**Exercise description**
Begin with the line that holds "間取図 Caldo道徳公園　b" and retype through the last line of the listing below, exactly; pictures are not part of the copy.

**Data to examine**
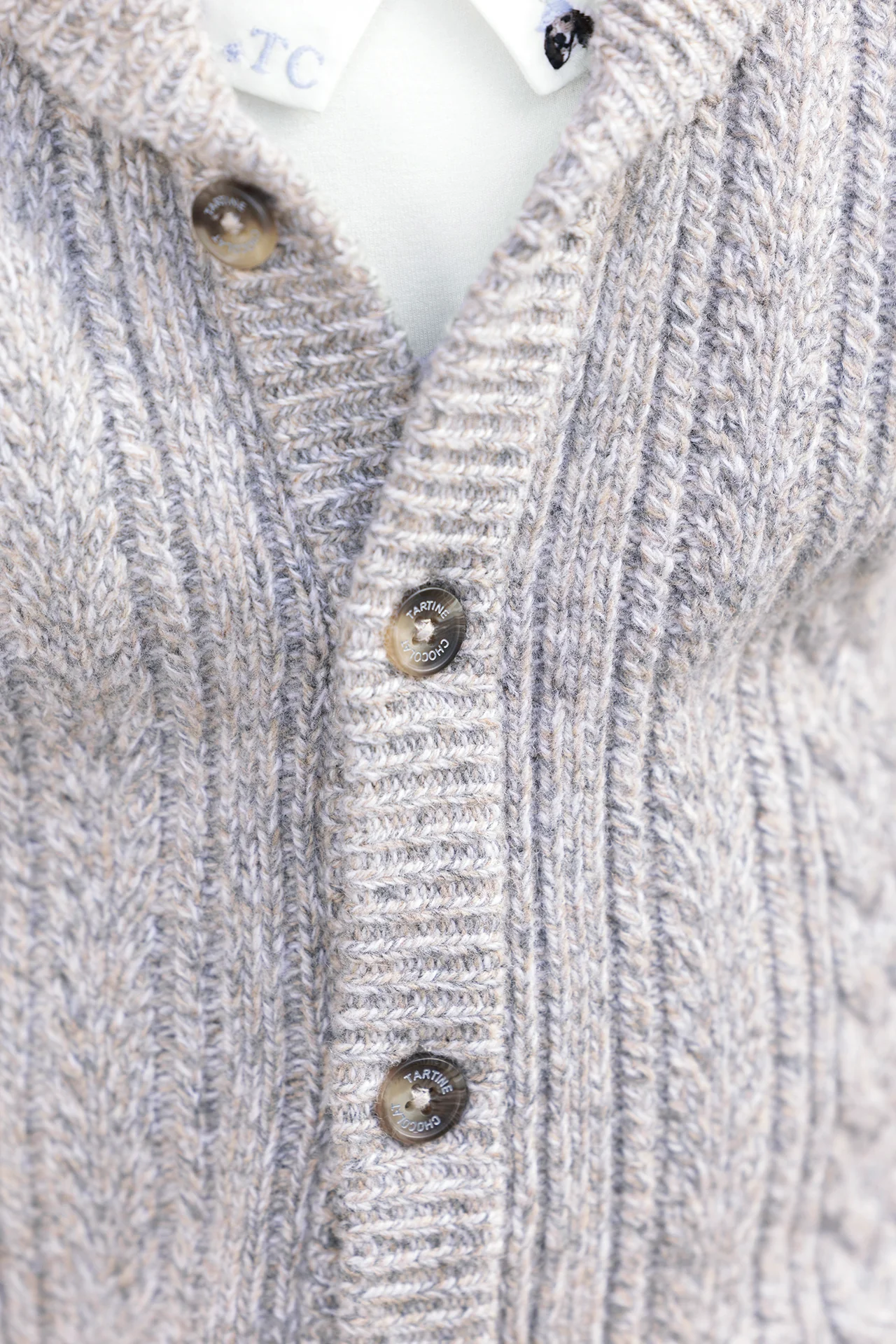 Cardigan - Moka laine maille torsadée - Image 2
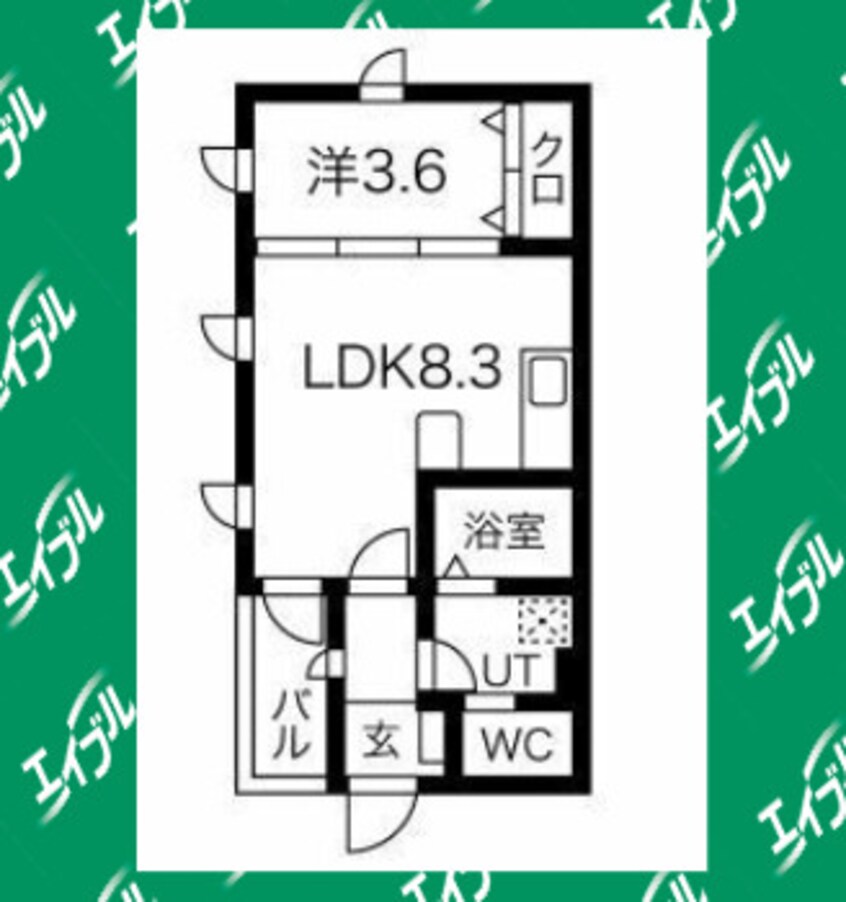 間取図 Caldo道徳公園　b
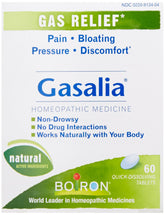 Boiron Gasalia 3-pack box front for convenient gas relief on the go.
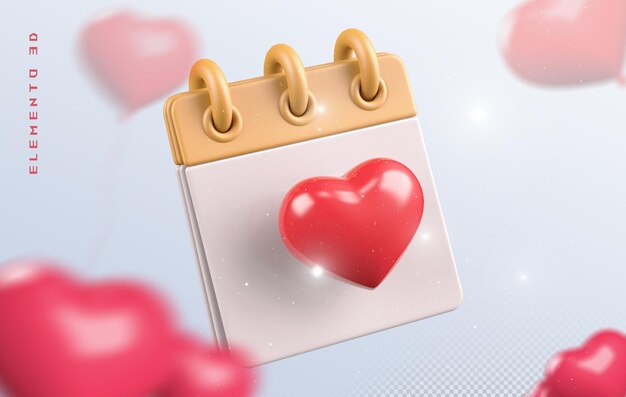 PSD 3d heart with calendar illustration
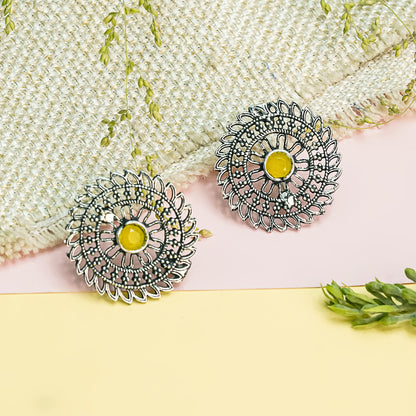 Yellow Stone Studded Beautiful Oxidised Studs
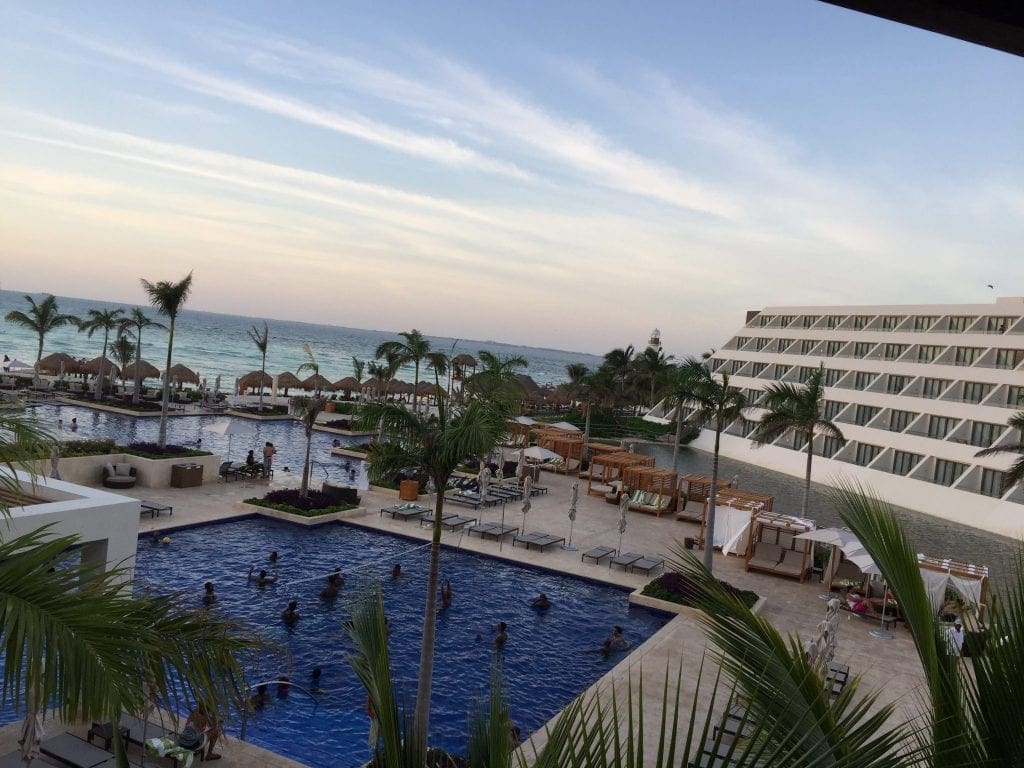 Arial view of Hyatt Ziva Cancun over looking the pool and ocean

**Response area**
 間取図 Caldo道徳公園　b
 Boiron Gasalia 3-pack box front for convenient gas relief on the go.
 PSD 3d heart with calendar illustration
 Yellow Stone Studded Beautiful Oxidised Studs
 Arial view of Hyatt Ziva Cancun over looking the pool and ocean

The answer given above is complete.